They Won't Teach You This in School: Education in Type 2 Diabetes Mellitus, a Social Media Campaign

Etiology And Risk Factors

As a multifactorial disease, the causes of DM2 involve genetic, metabolic, and environmental factors:

• ●

  The genetic factor can be seen in people with first-degree relatives with DM2, they have a 5-10 times higher risk of developing the disease. There are at least 100 genes associated with a low or moderate risk of developing DM2 and some interfere with insulin secretion (McCulloch, 2019).

• ●

  Metabolic and environmental factors sometimes are related. A sedentary lifestyle and visceral obesity lead to a higher risk of having this disease since more than 80% of the cases of DM2 are associated with obesity. Weight loss along with diet changes have been shown to reduce insulin resistance and improve glucose tolerance. (Abbas, 2015).

• ●

  A BMI of ≥25 Kg/m2, classified as overweight, and the lack of physical inactivity can be considered as decisive factors. Other determinants: ethnicity, a previously identified IFG (impaired fasting glucose) or A1c (glycated hemoglobin) of 5.7 to 6.4%, history of gestational DM or giving birth to a child with a birth weight >4kg, hypertension (≥140/90 mmHg), HDL cholesterol concentration <35 mg/100 mL (0.90 mmol/L), triglyceride concentration >250 mg/100 mL (2.82 mmol / L) or both, medical history of polycystic ovary syndrome or acanthosis nigricans, as well as cardiovascular disease background (Jameson, 2018).

Pathophysiology

In most cases, multiple genes responsible for pancreatic development and insulin synthesis, secretion, or activity are involved while monogenic DM2 rarely occurs. Some of which are frequently associated with the development of the disease are listed below:

• ●

  SLC30A8 (Solute Carrier Family 30 Member 8), HHEX/IDE (Homeobox, hematopoietically expressed; Insulin-degrading enzyme), and KCNJ11 (Potassium Inwardly rectifying channel subfamily J member 11), involved in the development of β cells (McCulloch, 2019).

• ●

  Polymorphisms in the TCF7L2 gene (transcription factor 7-like 2) have been associated with an increased risk of DM2.

• ●

  Mutations in MODY 2 and MODY 4 (Maturity Onset Juvenile Diabetes), although they rarely occur, have an autosomal dominant inheritance pattern and are associated with insulin resistance and its altered secretion, mainly in people inside the normal weight range and under 25 years of age (Chatterjee, 2017).

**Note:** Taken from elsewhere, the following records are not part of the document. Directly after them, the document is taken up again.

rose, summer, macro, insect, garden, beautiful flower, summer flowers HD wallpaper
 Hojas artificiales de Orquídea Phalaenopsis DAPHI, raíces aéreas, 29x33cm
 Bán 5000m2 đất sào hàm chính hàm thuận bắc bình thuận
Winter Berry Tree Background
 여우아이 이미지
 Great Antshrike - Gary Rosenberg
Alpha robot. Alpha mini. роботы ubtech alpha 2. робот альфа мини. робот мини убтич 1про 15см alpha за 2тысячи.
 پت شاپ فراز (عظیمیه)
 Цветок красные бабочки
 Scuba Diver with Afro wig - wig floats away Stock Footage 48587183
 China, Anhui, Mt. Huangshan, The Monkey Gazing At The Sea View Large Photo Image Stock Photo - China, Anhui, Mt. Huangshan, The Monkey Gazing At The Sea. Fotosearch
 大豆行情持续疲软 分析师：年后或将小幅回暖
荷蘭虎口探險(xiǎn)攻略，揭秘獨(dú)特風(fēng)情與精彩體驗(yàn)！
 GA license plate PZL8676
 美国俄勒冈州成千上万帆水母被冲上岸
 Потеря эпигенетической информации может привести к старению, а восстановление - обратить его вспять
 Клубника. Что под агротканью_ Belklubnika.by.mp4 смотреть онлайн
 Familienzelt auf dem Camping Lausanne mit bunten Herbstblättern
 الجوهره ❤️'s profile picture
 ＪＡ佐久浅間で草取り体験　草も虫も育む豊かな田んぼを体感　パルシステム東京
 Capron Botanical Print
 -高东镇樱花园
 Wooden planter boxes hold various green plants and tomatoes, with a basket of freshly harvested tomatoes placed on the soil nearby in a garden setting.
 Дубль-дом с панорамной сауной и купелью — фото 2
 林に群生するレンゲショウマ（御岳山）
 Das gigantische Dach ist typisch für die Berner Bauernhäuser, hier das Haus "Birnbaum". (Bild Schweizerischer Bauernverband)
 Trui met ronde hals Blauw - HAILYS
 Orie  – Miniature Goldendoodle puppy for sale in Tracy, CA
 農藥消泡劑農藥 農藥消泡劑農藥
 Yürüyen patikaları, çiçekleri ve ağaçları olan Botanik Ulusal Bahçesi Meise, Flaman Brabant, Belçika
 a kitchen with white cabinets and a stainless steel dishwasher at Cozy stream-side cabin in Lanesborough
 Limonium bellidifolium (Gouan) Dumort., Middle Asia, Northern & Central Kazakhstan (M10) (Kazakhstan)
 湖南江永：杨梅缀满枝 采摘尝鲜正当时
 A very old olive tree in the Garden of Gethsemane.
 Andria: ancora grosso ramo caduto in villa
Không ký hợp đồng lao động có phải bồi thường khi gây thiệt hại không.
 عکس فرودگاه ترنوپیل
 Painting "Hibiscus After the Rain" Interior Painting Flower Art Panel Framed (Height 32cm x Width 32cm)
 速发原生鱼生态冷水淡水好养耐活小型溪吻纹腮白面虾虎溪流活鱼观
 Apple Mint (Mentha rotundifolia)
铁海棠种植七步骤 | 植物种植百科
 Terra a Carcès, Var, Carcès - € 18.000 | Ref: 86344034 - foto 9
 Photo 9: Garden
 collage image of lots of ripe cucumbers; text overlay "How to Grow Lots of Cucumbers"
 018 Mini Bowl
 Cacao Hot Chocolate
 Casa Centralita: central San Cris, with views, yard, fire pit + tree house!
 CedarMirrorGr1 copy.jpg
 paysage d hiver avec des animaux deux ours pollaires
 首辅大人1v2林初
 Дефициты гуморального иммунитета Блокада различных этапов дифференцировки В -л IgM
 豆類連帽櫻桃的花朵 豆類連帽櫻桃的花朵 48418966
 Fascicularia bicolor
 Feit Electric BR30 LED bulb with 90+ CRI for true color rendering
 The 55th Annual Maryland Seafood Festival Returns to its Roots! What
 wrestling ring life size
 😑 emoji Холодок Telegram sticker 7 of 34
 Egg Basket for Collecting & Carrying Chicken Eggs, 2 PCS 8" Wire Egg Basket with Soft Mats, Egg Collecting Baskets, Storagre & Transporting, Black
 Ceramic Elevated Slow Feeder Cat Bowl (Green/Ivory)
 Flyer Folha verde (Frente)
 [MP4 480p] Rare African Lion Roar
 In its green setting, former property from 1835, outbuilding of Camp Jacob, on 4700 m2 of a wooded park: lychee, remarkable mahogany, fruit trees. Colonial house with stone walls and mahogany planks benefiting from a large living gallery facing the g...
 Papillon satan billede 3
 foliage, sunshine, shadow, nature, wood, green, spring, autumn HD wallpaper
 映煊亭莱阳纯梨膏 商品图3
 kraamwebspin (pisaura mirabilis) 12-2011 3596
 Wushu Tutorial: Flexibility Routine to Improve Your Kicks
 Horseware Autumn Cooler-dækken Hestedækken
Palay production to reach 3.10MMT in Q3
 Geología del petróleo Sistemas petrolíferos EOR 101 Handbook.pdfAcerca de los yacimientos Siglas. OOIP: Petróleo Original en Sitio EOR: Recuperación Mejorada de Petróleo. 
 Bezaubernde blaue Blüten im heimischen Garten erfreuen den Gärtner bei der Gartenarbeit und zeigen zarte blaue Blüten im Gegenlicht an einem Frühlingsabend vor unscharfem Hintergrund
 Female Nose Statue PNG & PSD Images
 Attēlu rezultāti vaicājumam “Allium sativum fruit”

Metabolic defects are associated with insulin resistance, due to an altered response of peripheral tissues to insulin, especially skeletal muscle, adipose, and liver tissue. This results in the inability to inhibit gluconeogenesis in the liver, causing high fasting blood glucose levels. Additionally, smooth muscle glucose uptake and glycogen synthesis after a meal are impaired, leading to postprandial glycemia. The inhibition of lipase protein activity in adipose tissue is also affected, which causes an accumulation of free fatty acids and in turn amplifies the state of insulin resistance. Finally, there is a reduction in the expression of GLUT4 transporter on the surface of skeletal muscle cells. It is known that one of the mechanisms by which physical activity improves glucose sensitivity is by increasing GLUT4 (Gaster, 2001).

In the early stages of the disease, β cell function increases to counteract insulin resistance and maintain euglycemia. However, as the disease progresses, β cells’ ability to adapt to the disease’s long-term demands is depleted, inducing a transition to a state of relative insulin deficiency (Gaster, 2001).